◆ TRY IT ◆
Copy, word for word, the lines of the listing below from the line with "15 Pet Friendly" up to and including the line with "German Shepherds from Alta-Tollhaus North". Drop the pictures.

◆ PROVIDED MATERIAL ◆
──────────────────────────────

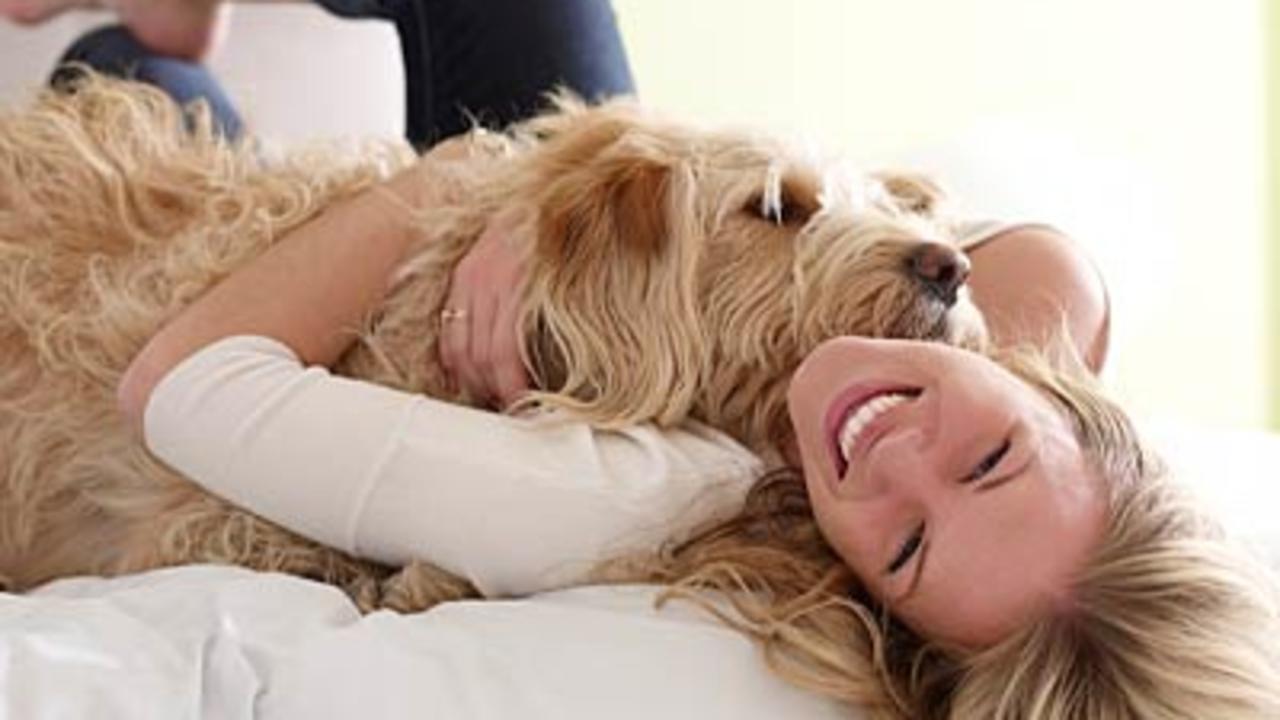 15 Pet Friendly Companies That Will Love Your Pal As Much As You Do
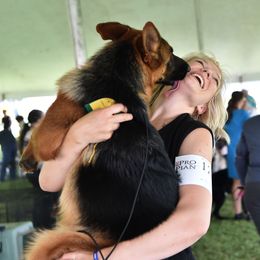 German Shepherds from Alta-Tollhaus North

──────────────────────────────

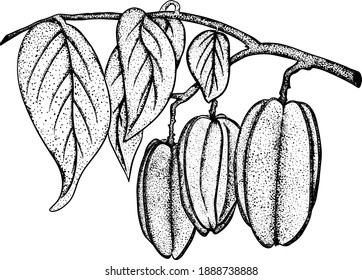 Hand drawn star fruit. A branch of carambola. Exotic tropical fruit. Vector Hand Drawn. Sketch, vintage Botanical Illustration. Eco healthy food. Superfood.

──────────────────────────────

◆ SOLUTION TO THE PROBLEM ◆
 15 Pet Friendly Companies That Will Love Your Pal As Much As You Do
 German Shepherds from Alta-Tollhaus North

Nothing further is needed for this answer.